Procurou por uma companheira. Foi uma tarefa fácil, pois ele além de ter bens
era um homem ainda jovem e bonito. Encontrou uma viúva com duas filhas.
Casou-se com ela. No inicio a madrasta e suas filhas pareciam gentis, mas...
escondiam corações secos de amor. E a vida da jovem Vassalisa tornou-se um
horror.
Vassilisa
era a menina mais linda da aldeia, o que causava ciúmes tanto na madrasta como
nas irmãs. Vassalisa tornou-se, na ausência do pai, uma serviçal das três
desalmadas.
O
mercador precisou viajar para longe e a madrasta aproveitou e mudou-se
para uma casa bem próxima a grande floresta, onde morava a bruxa Baba
Yaga. Ninguém conseguia chegar próximo a cabana que girava sozinha sob pés de
galinha. Caveiras enfeitavam suas paredes, mostrando que humanos haviam sido
devorados pela bruxa, como se fossem galinhas.
A
malvada madrasta mandava a menina repetidamente à floresta. Vassalisa voltava
porque a boneca mostrava-lhe o caminho. Um dia as três malvadas combinaram de
deixar o fogo da casa se apagar, para fazer Vassalisa entrar na floresta e
pedir fogo para Baba Yaga. Assim seria morta e comida pela bruxa. E naquela
noite, quando Vassalisa voltou para casa, depois de catar lenha, a casa estava
às escuras. Ela estranhou mas a madrasta lhe disse que ela era a única
que poderia ir a floresta e pedir uma brasa à bruxa.
Vassalisa
foi para seu quartinho, ofereceu alimento à boneca e pediu sua ajuda. Seu
conselho foi para entrar na floresta levando-a sempre consigo, pois assim
estaria protegida.
E
assim Vassalisa fez. A floresta estava mais escura ainda. Os gravetos estalavam
sob seus pés e a jovem tremia de medo. De repente, um cavaleiro passou por ela;
seu rosto era branco e seu galopante cavalo, também branco. E o dia nasceu.

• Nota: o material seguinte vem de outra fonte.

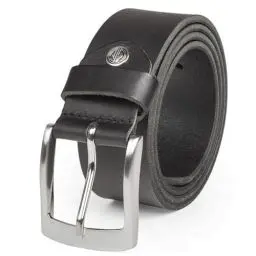 Produktbild: LINDENMANN Leder-Gürtel Herren 40 mm breit, Gürtel Herren Vollrindleder schwarz, Größe/Size:100, Farbe/Color:schwarz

Mais adiante, um homem de vermelho passou montado num cavalo vermelho. E o sol
apareceu. Vassalisa caminhou muito e chegou próximo a cabana da Baba Yaga. Um
cavaleiro vestido de negro trotando um cavalo negro apareceu. As caveiras e os
ossos ao redor da cabana se iluminaram ao mesmo tempo. A noite chegou.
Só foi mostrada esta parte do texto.